Food banks slashing global CO2 emissions
Food banks operating in 57 countries across the world prevent 10.5 billion kilos of CO2 emissions entering the atmosphere each year, equivalent to the output of nearly 2.2 million passenger vehicles.
That is according to a report released today by the Global FoodBanking Network (GFN), which highlights the key environmental and social benefits of food banks worldwide.
Serving 62.4 million people, the GFN, European Food Banks Federation (FEBA) and Feeding America are thought to prevent 2.68 million metric tons of edible surplus produce going to waste annually.
By helping to tackle hunger and slash emissions, the report argues that food banks are now vital to meeting the objectives of the UN’s Sustainable Development Goals (SDGs).
GFN CEO, Lisa Moon, said: “The report highlights the large-scale environmental and social impact of food banks, a community-based model that is positioned to address the paradox of global hunger and food waste.
“This community-based approach must be considered as a pivotal, stop gap solution in the fight against hunger, alongside public policy change that addresses the root causes of poverty.”

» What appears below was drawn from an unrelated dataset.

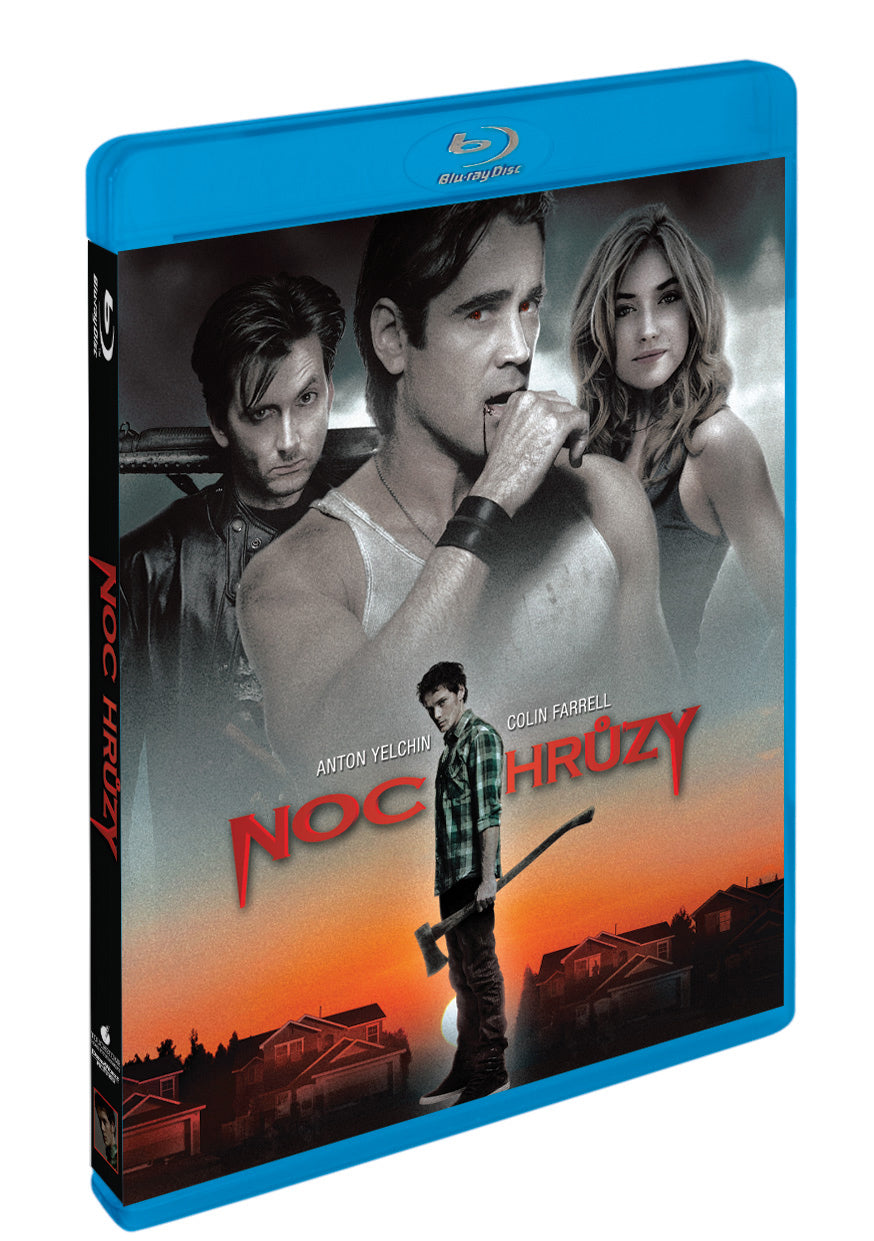 Noc hruzy BD / Fright Night - Czech version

It is estimated that one-third of all food produced for human consumption is lost or wasted. If a quarter of this were saved, it would be enough to feed 870 million people.

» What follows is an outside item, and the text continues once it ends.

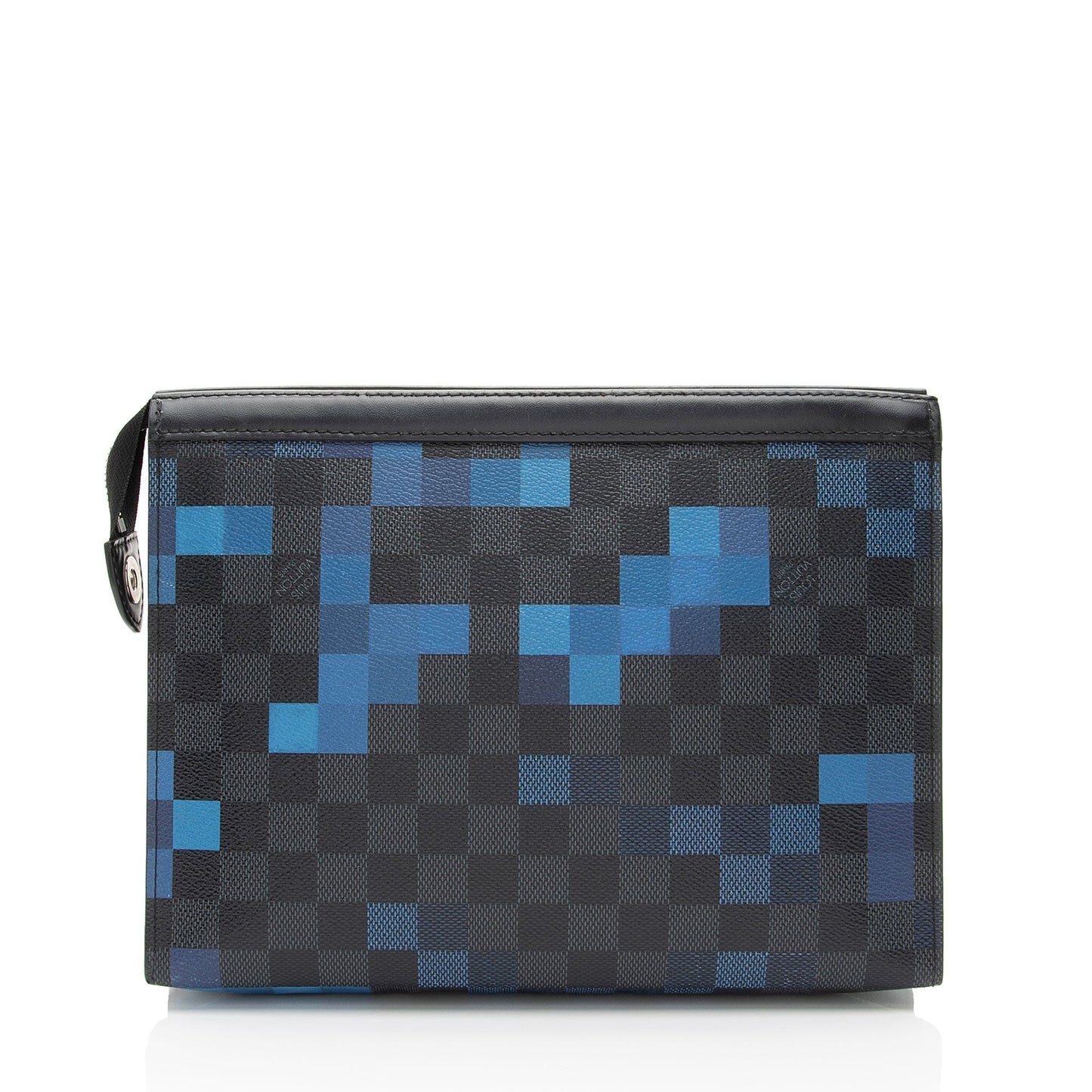 Louis Vuitton Damier Graphite Pixel Voyage MM Pochette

The report highlights how 20% of safe food is wasted over confusion with “best by”, “before best”, “use by” and “sell by” dates on packages, and calls on producers, retailers and governments to address this.
It recommends that businesses standardise date coding, measure and manage their food waste, increase support for food banks and develop a global donation policy.
And it suggests governments measure food insecurity using the Food Insecurity Experience Scale, establish cross-sector cooperation to encourage surplus food donation, partner with food banks and boost funding.
The report was released ahead of the Food Bank Leadership Institute (FBLI), a three-day conference in London on 25-27 March 2019.
“The FBLI has supported community leaders from 60 countries to provide hunger relief through the recovery of edible surpluses,” Moon said. “Many are addressing emerging issues such as nutrition, rural hunger, and prepared food rescue while advocating for broader change in their communities.”